Amidst all the amateurs with cameras, the professional documentarian faces challenges that his predecessors could not have imagined. Yet in our time a number of documentary filmmakers, among them Donn Pennebaker, the Maysles brothers, Frederick Wiseman, and Errol Morris, have achieved some outstanding work and some critical and financial success; Ken Burns and Michael Moore make motion pictures that draw large audiences and earn millions of dollars. Even a few contemporary commercial Hollywood directors, notably Martin Scorsese, find the form attractive and even profitable.
At least since the great film decade of the 1930's, however, the documentary also engages some of the social and political currents of its time, a tradition that influences "American Harvest," written, directed, and produced by Angelo Mancuso of Rochester. The film deals with the process of growing and picking fruit and vegetables in America, concentrating particularly on the immigrants who labor in the fields and make this country's abundance possible. Although it maintains a mostly objective approach reminiscent of cinema vérité, the movie exhibits a definite sympathy for the plight of those workers through its choice of subjects and themes.
Like far too many of its kind, the movie also demonstrates the further influence of those numerous, drearily familiar television documentaries. Although it promises to cover the harvesting of produce by in effect following the crops and the pickers northward, it tends to settle down in certain areas, mostly in Florida, and to lose its narrative impulse in scores of interviews with a great variety of people - the workers themselves, crew chiefs, farmers, produce brokers, farm market managers, and even an agricultural journalist. Those interviews tend to stall the film's movement and even obliterate its themes through their reiterated sameness - whatever the quality or content of their conversation, talking heads remain, alas, talking heads.
The film's subjects, however, retain their relevance and immediacy, so that their vividness overcomes some of its static approach. It shows the absolute folly and cruelty of the demagogues who demonize immigrants, spinning a tissue of lies about their theft of jobs from American workers - every single American who supervises or works with the mostly Central American immigrants emphasizes how hard they work at difficult tasks that no Americans care to attempt. All the interviewees know the politicians and commentators who spout the new nativism, including one who challenges Lou Dobbs to work in the fields so he can understand the reality of migrant labor.

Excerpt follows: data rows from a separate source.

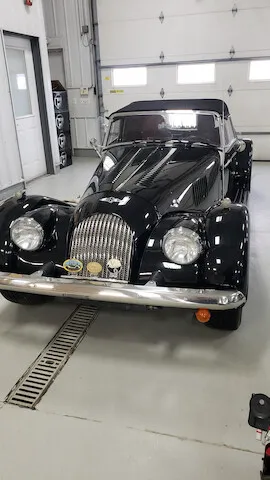 D&J Dent Removal 3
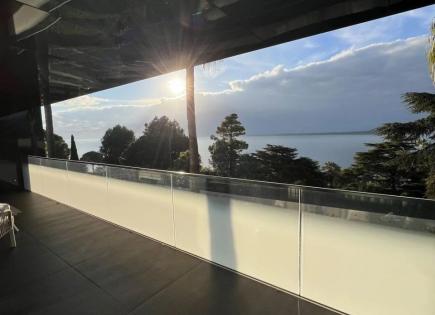 Apartamento para 5 990 000 euro en Cannes, Francia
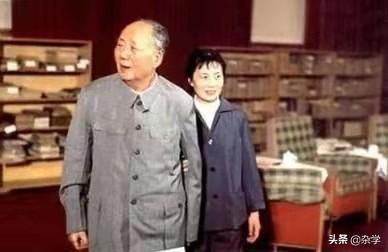万寿无疆万寿无疆_万寿无疆_万寿无疆意思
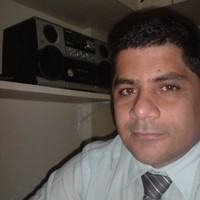Francisco Fábio Costa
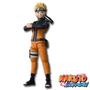 Imagem de Boneco Articulado Naruto Ação Ultimate Legends Bandai 12cm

In keeping with the methods of his form, the director generally stays outside the film, only occasionally asking a question and never offering any commentary, instead allowing the camera to show the subjects and the people he interviews to make the points. Although he covers a lot of territory, including several Southern states and some points on the Mexican border, he returns again and again to certain people and certain locations. He never allows the movie to descend into handwringing or sentimentality, even when he shoots some footage of a workers' cooperative right out of "The Grapes of Wrath."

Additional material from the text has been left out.